One of the main foci in our group is the study of physical properties at the limits of miniaturization. On the atomic scale, for instance, it is possible to manipulate single atoms. Alternatively, one can "build" artificial atoms by confining a few electrons in a metallic or semiconducting structure. But what can one learn by reducing the physical dimensions or the dimensionality?
When reducing, for example, the dimension from 3 to 2 of an electron gas confined in a semiconducting heterostructure, new elementary quasiparticles appear. These particles have an effective fractional charge and obey fractional statistics. They are obtained when a perpendicular magnetic field is applied to the 2D electrons, which leads to the formation of composite Fermions and to the observation of the fractional quantum Hall effect.
By reducing the dimension even further, i.e., to 1D a whole new set of phenomena appear. Because of the inherent electron-electron interactions, the electron gas can no longer be described as a Fermi gas or Fermi liquid but rather as a Luttinger liquid. One of the most fascinating properties of a Luttinger liquid is the separation of charge and spin, i.e., the charge and the spin become independent of each other.
On a more applied level, the miniaturization is of tremendous interest for the whole computational business.
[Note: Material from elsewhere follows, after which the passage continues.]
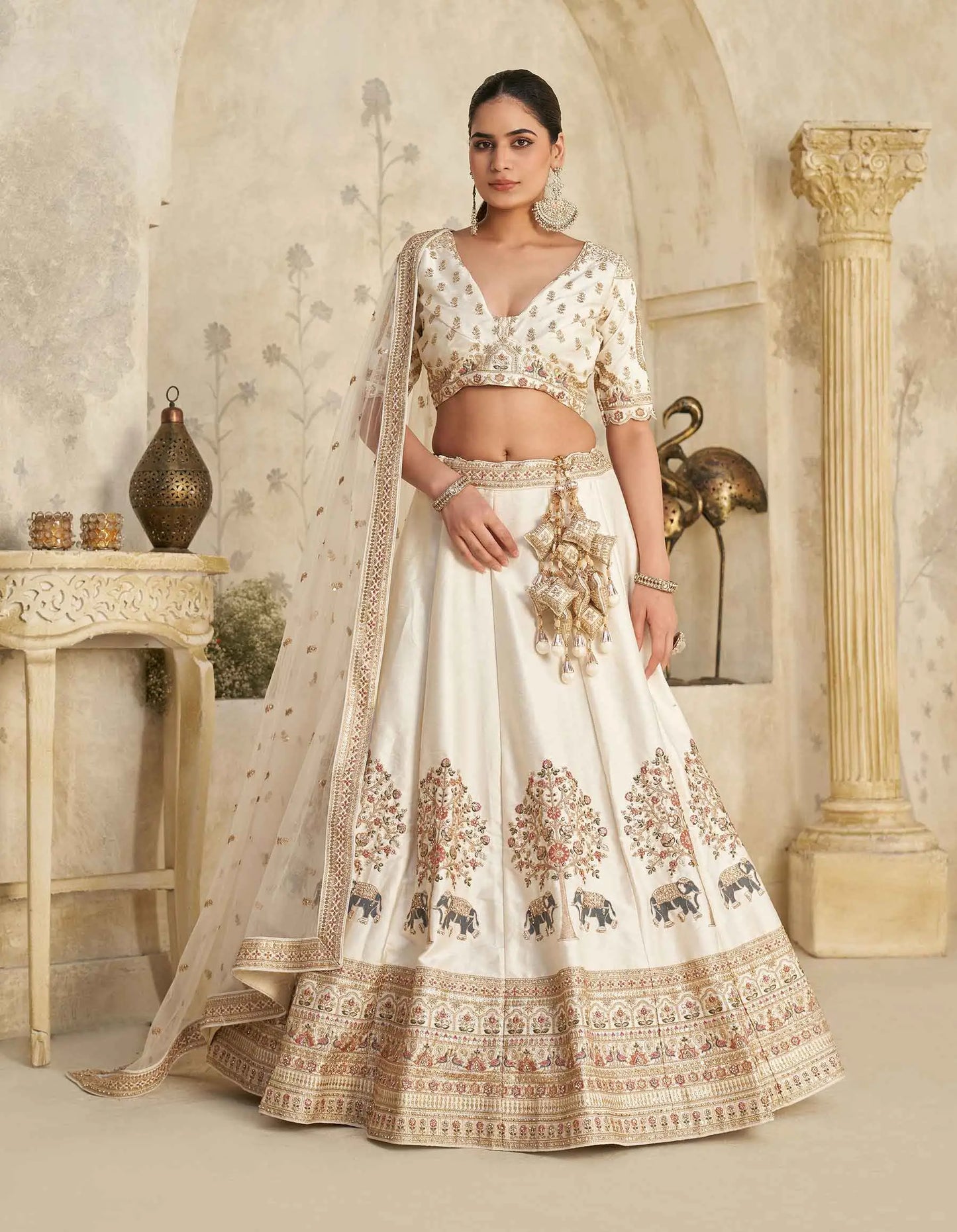 Cream Lehenga With Intricate Elephant Zari Work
Reducing the dimensions to such an extent that the information is not carried anymore by a macroscopic current flow but by single electrons, leads to the computing on the nanoscale. An even more fascinating outlook is the possibility to realize a quantum computer. In this case the computational information is the quantum mechanical "state" of an electron.
In short, we are interested in the electronic properties, which emerge, when electron-electron interactions, disorder and quantum phase coherence are present in reduced dimensions and dimensionalities.